Given records:

◆ ◆ ◆ ◆ ◆

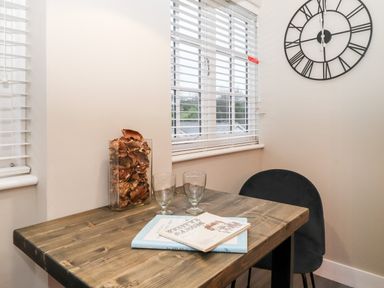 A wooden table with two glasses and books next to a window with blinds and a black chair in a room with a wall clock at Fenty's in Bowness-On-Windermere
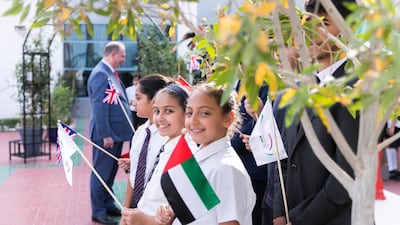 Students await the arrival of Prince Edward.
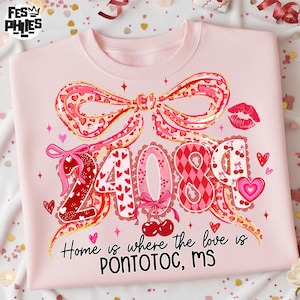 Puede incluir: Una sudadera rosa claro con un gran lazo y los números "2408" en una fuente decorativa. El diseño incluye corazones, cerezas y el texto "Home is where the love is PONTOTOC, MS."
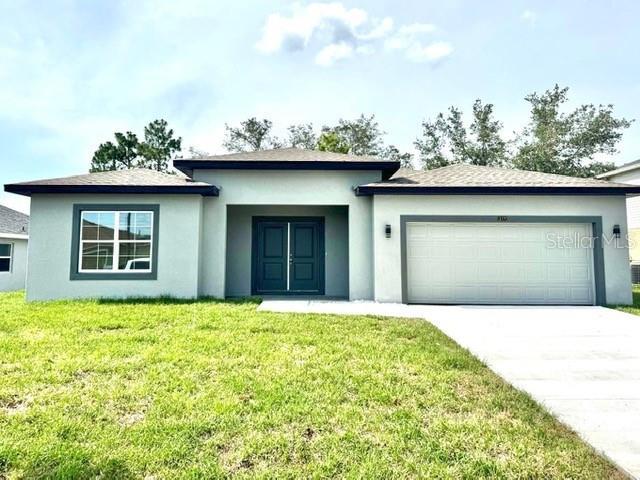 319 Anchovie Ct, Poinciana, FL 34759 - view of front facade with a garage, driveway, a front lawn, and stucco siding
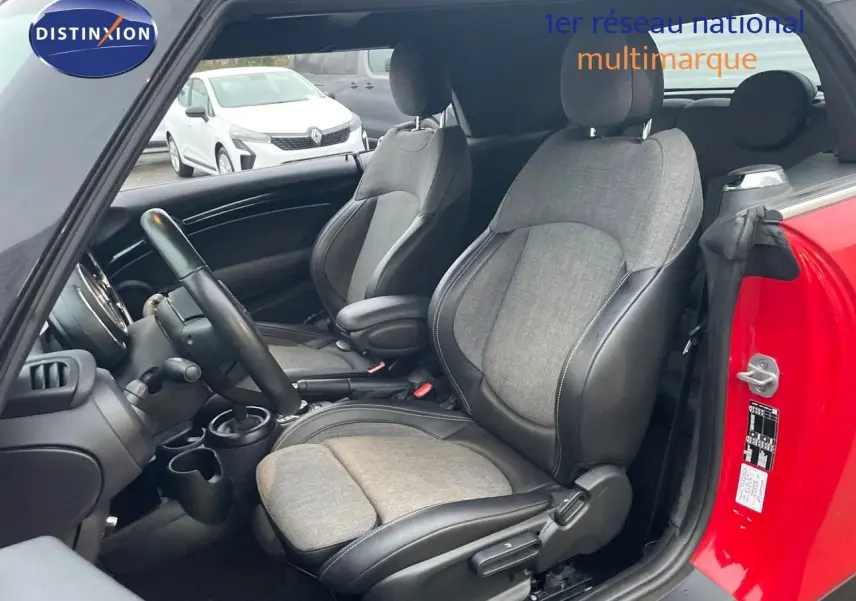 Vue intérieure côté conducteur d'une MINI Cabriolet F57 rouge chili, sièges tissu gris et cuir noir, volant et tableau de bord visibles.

◆ ◆ ◆ ◆ ◆

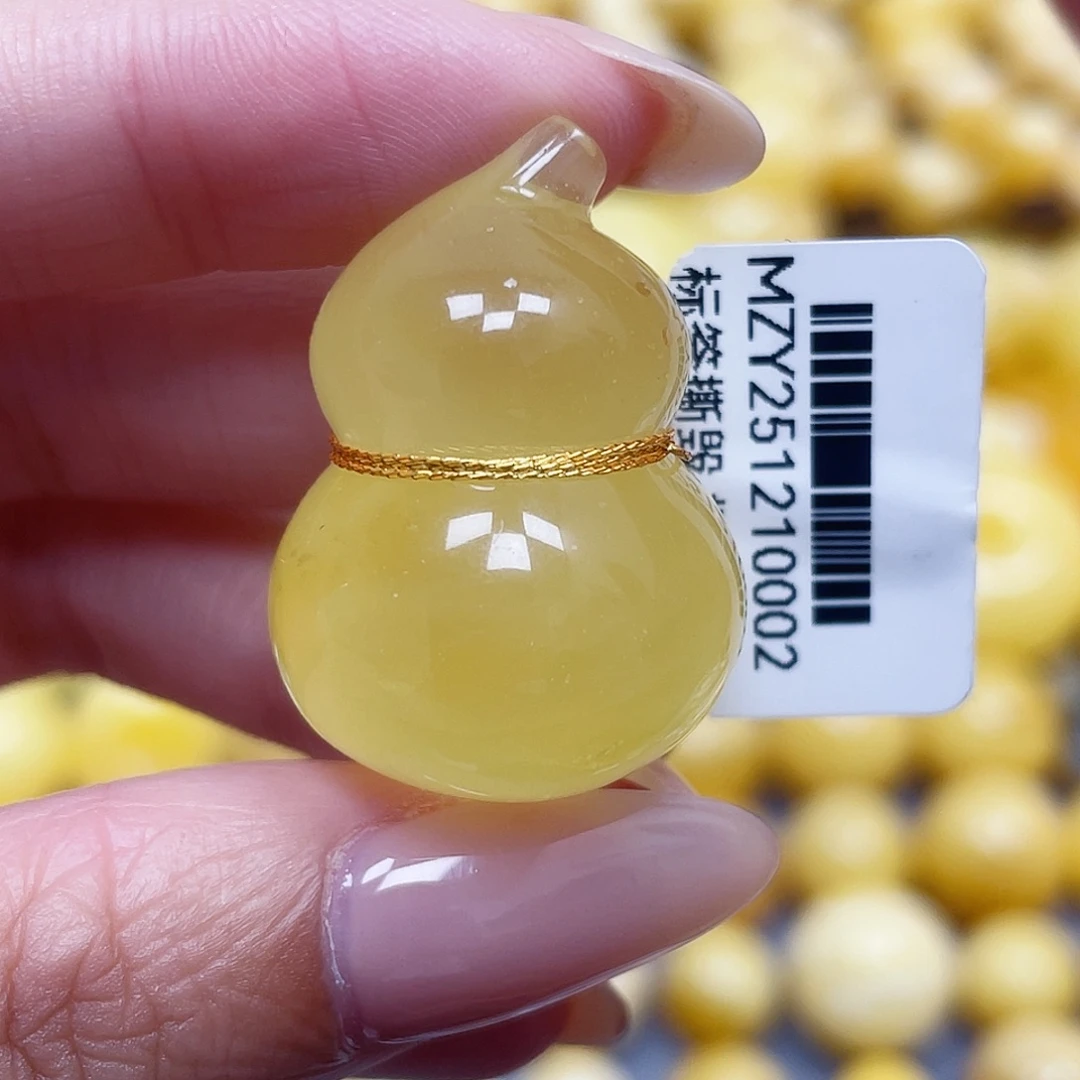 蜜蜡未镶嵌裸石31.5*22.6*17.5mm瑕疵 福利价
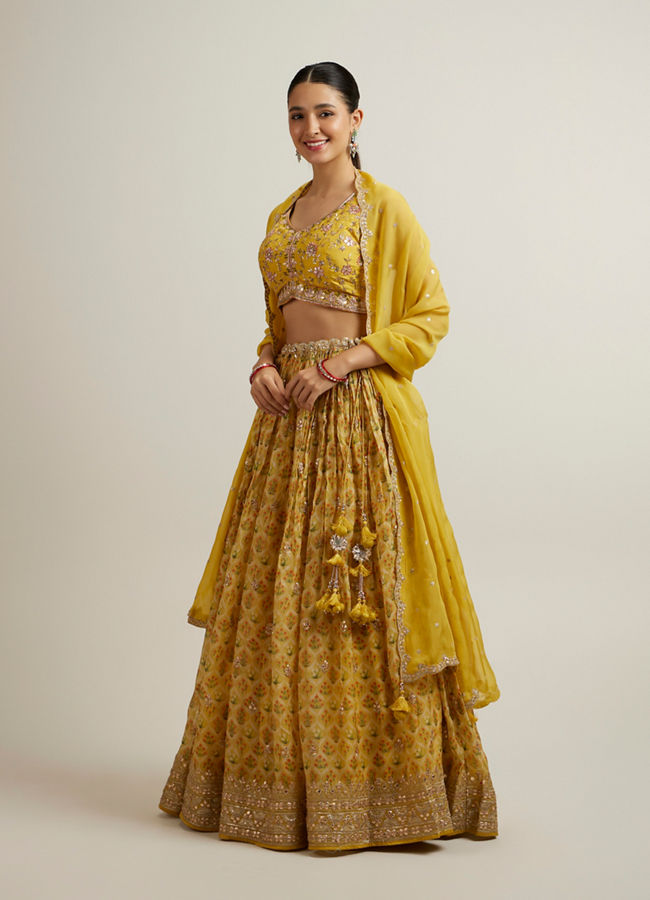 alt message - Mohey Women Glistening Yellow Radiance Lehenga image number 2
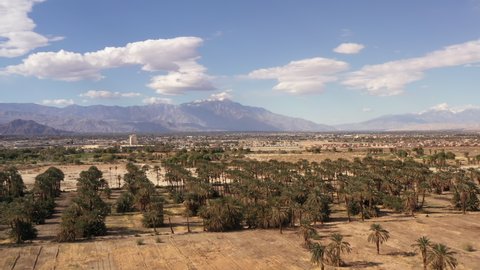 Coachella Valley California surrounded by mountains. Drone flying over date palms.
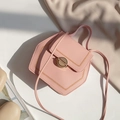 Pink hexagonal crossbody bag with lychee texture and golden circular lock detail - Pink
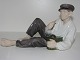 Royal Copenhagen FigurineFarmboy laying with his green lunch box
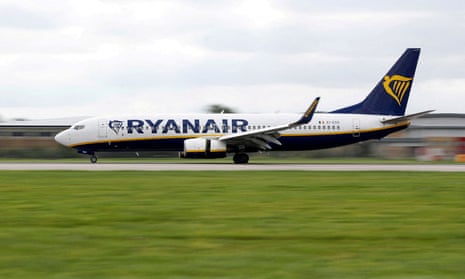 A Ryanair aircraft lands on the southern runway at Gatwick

◆ ◆ ◆ ◆ ◆

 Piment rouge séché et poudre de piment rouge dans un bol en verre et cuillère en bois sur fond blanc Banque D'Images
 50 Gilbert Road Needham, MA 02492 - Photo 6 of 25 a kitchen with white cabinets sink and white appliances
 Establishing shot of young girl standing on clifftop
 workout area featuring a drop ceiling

◆ ◆ ◆ ◆ ◆

Goal of the exercise:
An exact transcription is needed of the lines from the one with "Coachella Valley California" to the one with "A Ryanair aircraft" above, both ends included, with pictures left out.

Exercise answer:
 Coachella Valley California surrounded by mountains. Drone flying over date palms.
 Pink hexagonal crossbody bag with lychee texture and golden circular lock detail - Pink
 Royal Copenhagen FigurineFarmboy laying with his green lunch box
 A Ryanair aircraft lands on the southern runway at Gatwick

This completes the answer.